After making threats to the legislature and the Governor, some of the state’s biggest corporations will only have their “Data Processing Tax” double instead of triple.

“Because of this budget, businesses will be paying $700 million more in taxes, and the difficulty is no one is addressing the spending side,” added Flaherty.

But Democratic leaders say the new budget does spend $800 million less.

“Businesses and families talk about the biggest tax burden they have are property taxes. This budget addresses that in a very big way,” said Senate Majority Leader Bob Duff, D-Norwalk.

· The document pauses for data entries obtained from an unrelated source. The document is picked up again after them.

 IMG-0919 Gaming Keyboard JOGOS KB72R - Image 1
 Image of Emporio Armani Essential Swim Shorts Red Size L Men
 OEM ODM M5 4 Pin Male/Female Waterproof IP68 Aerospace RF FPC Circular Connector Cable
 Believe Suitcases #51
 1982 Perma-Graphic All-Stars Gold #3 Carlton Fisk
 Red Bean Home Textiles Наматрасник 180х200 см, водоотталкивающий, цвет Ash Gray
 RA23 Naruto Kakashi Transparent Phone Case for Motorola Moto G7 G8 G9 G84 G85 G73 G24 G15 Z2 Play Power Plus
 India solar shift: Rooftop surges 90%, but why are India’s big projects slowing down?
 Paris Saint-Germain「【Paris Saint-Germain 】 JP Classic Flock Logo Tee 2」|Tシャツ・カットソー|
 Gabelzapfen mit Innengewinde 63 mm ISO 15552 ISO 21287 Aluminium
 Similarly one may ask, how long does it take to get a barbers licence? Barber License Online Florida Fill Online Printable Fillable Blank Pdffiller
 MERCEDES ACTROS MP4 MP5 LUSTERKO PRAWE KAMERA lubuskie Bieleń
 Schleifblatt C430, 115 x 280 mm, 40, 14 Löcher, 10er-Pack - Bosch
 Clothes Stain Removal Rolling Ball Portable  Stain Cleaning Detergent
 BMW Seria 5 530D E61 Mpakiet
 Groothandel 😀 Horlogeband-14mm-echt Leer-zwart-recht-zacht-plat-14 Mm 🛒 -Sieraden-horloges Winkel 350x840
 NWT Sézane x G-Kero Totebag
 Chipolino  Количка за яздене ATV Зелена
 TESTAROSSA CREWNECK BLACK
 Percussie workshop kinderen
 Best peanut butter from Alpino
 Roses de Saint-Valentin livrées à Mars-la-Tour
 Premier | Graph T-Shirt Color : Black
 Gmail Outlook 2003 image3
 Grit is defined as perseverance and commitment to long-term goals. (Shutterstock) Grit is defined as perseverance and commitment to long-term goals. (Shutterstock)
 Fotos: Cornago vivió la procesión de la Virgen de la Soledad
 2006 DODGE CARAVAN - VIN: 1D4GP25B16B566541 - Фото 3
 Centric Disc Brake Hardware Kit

They can make that claim because for the first time, a portion of the sales tax will go back to the cities and towns, and a cap on municipal increases in spending is set. That along with the 30 mill cap on the car tax is what the Democrats are calling a middle-income tax cut that makes the tax structure in Connecticut more fair.

The Governor has been unavailable for interviews all week, but his office was intimately involved in the final deal.

“If he signs this, he’s unequivocally, irrevocably broken a promise that is both a campaign promise and as a Governor, a CEO promise he made to constituents,” said Senate Republican Leader Len Fasano of North Haven.

That promise, of course, was that he would not raise taxes in a second term. The budget is expected to pass in the state Senate by another narrow margin sometime before the midnight deadline Wednesday night, and then go directly to the Governor.